No Place To Tell This Tale

Crossposted from Yes Means Yes Blog:

I read Asher Bauer’s powerful personal story a while ago, and I didn’t know what I could possibly say about it. I still don’t, but since the crux of the story is that he has no place to process the story, it seems somehow wrong not to write about it; that would make this just one more place this story (and by extension Bauer’s life) doesn’t fit.

I’ve written recently about a male victim of rape. That’s incredibly hard to deal with. Men report at even lower rates than women and get perhaps even less support.
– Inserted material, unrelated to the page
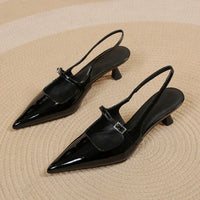Refined pointed toe slingback kitten heels for classy woman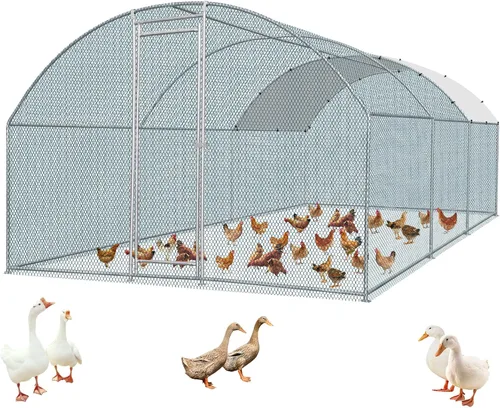 Miniatura 15 de VINGLI Gallinero grande de metal para pollos, gallinero con cubierta impermeable anti-UV, corral de pollo de alta resistencia con bloqueo de Negro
Certainly the media is no more, and perhaps even less, willing to appropriately call it rape when a man is raped.

But where does a man tell his story if he was raped when he was a woman? Apparently, at Carnal Nation, which has become a regular read for me because they keep publishing folks like Asher Bauer, and like my friend Clarisse Thorn. Bauer himself says, “I still haven’t found a space where it is OK to be a man who was raped as a girl, much less a venue where others are able to share similar experience.”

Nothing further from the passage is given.